Pecuarista investigado por incêndio no Pantanal vendeu gado para governador do MS

Reinaldo Azambuja é um dos maiores pecuaristas do Estado

PECUARISTA INVESTIGADO POR INCÊNDIO NO PANTANAL VENDEU GADO PARA GOVERNADOR DO MS. FOTO: ÁLVARO REZENDE/REPÓRTER BRASIL

PECUARISTA INVESTIGADO POR INCÊNDIO NO PANTANAL VENDEU GADO PARA GOVERNADOR DO MS. FOTO: ÁLVARO REZENDE/REPÓRTER BRASIL

Sustentabilidade

Entrar no Pantanal sul-mato-grossense, próximo a Corumbá, é encarar uma vegetação destruída pelo fogo e tomada pelas cinzas. Não há nenhum sinal de azul no céu, apenas fumaça e fuligem.

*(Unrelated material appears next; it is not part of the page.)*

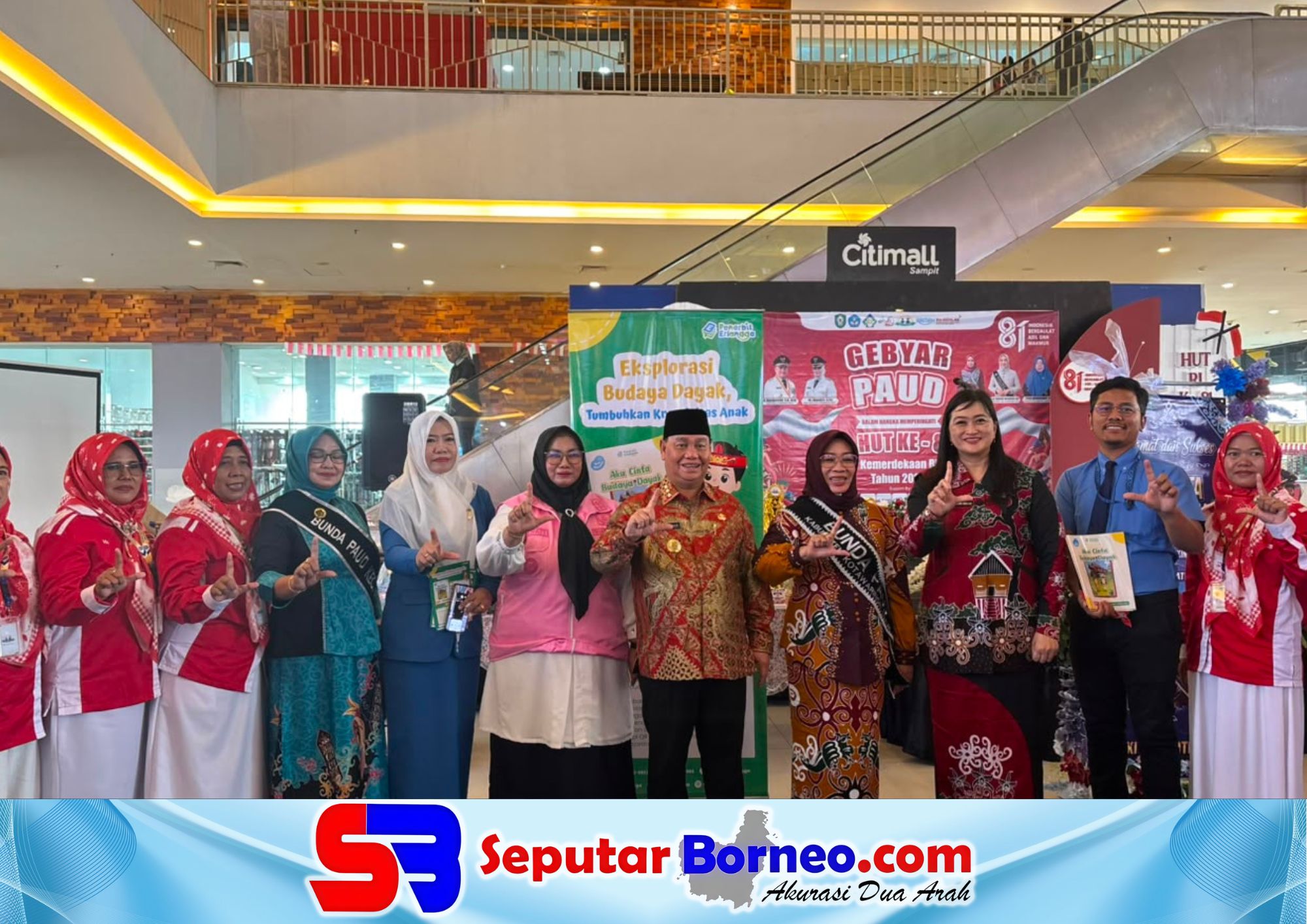 Gebyar PAUD Kotim Kenalkan Budaya Dayak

Ao investigar a origem desses incêndios, a Polícia Federal chegou a quatro pecuaristas da região — que teriam colocado fogo em suas fazendas para abrir novos pastos. Um dos investigados é Pery Miranda Filho, fazendeiro que já vendeu gado para o governador Reinaldo Azambuja (PSDB), conforme revela documentação a que a Repórter Brasil teve acesso.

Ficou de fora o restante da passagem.